Scraped caption text data:
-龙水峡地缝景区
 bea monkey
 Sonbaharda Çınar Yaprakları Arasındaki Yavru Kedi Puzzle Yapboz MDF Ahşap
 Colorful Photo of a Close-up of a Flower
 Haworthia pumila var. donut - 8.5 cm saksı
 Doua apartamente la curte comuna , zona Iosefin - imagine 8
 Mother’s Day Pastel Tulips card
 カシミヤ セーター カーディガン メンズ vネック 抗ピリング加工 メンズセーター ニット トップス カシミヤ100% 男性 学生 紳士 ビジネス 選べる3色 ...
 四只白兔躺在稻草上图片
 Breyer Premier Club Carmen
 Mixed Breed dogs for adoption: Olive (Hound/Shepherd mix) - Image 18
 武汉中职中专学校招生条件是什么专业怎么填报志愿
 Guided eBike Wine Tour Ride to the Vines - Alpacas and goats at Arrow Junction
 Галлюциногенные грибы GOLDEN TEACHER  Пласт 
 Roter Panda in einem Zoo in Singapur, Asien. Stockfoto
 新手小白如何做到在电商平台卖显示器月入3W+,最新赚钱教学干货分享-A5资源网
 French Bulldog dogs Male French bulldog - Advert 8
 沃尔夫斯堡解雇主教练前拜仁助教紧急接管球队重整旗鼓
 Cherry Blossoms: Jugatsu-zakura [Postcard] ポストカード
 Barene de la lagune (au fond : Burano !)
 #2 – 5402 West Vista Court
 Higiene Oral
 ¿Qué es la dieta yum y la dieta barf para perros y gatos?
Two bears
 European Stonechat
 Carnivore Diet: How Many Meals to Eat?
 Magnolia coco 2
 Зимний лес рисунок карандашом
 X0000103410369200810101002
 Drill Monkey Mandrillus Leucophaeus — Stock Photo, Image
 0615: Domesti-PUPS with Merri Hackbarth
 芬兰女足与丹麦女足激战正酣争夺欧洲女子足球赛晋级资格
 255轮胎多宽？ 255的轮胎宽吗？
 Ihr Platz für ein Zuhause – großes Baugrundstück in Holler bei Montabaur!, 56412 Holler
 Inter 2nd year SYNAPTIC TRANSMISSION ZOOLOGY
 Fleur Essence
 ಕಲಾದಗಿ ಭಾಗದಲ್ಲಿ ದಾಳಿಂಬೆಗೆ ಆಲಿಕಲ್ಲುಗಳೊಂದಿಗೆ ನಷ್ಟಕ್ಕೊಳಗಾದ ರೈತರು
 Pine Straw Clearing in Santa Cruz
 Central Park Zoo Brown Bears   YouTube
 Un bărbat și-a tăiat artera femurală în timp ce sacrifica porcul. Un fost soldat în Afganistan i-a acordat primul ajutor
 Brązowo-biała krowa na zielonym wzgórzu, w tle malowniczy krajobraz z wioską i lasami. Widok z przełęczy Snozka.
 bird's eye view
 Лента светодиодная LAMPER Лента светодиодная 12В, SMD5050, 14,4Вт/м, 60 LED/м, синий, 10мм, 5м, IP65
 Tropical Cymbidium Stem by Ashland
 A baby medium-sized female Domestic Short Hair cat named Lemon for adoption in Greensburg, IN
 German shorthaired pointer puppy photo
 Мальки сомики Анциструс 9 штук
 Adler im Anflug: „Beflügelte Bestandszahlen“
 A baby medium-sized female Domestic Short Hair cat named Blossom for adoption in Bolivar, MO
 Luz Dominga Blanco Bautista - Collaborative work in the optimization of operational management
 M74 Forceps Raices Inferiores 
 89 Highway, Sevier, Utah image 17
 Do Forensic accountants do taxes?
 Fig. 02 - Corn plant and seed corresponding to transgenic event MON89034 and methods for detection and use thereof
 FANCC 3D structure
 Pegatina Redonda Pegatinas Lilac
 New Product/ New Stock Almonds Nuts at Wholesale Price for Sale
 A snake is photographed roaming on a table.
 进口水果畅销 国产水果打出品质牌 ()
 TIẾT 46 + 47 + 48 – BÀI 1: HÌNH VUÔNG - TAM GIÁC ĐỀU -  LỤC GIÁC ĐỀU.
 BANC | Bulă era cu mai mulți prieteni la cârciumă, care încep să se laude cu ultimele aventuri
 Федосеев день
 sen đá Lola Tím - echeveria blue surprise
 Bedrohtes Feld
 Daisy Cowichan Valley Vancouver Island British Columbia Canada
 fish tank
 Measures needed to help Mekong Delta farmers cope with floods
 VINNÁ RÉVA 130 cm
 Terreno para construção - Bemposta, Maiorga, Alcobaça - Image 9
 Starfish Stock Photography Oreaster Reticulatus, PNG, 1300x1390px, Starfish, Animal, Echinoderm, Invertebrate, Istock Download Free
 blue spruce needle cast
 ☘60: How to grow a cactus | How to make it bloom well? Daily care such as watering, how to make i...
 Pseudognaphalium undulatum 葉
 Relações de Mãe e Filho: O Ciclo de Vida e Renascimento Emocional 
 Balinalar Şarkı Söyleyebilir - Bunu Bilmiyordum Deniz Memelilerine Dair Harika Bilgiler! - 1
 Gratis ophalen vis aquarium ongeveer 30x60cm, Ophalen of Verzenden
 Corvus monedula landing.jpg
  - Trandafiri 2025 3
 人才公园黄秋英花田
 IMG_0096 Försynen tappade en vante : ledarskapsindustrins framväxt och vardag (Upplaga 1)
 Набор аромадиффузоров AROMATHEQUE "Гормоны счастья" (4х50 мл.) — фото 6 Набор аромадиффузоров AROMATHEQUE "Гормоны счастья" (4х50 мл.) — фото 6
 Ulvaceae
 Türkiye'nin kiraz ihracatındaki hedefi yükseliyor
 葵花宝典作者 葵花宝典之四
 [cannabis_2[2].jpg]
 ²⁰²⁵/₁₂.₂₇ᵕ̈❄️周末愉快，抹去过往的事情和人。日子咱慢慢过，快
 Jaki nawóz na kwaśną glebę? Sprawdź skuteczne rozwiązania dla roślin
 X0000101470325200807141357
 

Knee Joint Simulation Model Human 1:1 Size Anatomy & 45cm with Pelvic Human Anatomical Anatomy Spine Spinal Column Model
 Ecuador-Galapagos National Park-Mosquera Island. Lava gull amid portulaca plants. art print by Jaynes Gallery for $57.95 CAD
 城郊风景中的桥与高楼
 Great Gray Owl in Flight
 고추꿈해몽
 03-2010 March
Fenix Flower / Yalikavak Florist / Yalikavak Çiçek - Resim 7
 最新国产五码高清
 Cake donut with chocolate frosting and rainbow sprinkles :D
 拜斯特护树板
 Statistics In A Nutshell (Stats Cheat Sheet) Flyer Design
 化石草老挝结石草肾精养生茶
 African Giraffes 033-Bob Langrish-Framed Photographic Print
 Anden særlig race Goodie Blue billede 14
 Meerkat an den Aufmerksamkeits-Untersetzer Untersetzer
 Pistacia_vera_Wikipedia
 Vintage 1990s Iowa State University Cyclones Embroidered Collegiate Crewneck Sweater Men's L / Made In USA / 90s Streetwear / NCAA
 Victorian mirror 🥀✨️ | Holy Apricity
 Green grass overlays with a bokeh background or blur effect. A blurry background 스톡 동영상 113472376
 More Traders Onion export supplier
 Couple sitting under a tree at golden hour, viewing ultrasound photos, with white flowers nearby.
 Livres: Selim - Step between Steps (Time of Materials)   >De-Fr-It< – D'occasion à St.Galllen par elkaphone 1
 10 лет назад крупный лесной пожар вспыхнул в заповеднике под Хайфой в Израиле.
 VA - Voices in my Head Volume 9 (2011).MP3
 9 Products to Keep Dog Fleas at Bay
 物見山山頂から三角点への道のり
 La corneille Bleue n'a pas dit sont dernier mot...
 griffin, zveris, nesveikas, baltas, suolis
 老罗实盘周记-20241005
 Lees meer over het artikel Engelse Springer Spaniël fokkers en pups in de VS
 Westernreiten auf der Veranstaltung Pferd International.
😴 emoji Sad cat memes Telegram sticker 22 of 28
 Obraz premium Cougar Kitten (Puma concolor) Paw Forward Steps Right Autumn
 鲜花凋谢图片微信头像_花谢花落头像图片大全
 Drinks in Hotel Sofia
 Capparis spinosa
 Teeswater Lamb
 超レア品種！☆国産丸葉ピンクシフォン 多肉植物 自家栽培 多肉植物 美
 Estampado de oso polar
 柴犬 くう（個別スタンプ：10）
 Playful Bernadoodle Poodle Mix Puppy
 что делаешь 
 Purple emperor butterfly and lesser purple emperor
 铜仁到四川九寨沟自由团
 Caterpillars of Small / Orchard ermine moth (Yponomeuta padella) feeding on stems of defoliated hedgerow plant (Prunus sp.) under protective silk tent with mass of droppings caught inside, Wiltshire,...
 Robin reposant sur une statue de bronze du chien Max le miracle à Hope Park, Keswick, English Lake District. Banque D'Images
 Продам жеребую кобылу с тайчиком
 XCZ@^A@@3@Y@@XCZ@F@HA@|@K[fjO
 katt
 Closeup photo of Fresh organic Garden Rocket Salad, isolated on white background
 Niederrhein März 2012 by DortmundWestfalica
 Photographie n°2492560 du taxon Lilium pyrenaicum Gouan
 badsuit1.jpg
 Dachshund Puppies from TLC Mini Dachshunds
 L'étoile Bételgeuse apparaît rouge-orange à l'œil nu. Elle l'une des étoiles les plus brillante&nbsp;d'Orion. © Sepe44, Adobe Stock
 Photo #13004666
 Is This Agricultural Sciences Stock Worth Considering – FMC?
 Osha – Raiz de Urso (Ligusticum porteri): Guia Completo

**Problem to work on:**
When the line with "Barene de la lagune (au fond : Burano !)" is reached in the data above, start copying there, and copy each line exactly until the line with "芬兰女足与丹麦女足激战正酣争夺欧洲女子足球赛晋级资格" has been copied; copy nothing else.

**Output below:**
 Barene de la lagune (au fond : Burano !)
 #2 – 5402 West Vista Court
 Higiene Oral
 ¿Qué es la dieta yum y la dieta barf para perros y gatos?
Two bears
 European Stonechat
 Carnivore Diet: How Many Meals to Eat?
 Magnolia coco 2
 Зимний лес рисунок карандашом
 X0000103410369200810101002
 Drill Monkey Mandrillus Leucophaeus — Stock Photo, Image
 0615: Domesti-PUPS with Merri Hackbarth
 芬兰女足与丹麦女足激战正酣争夺欧洲女子足球赛晋级资格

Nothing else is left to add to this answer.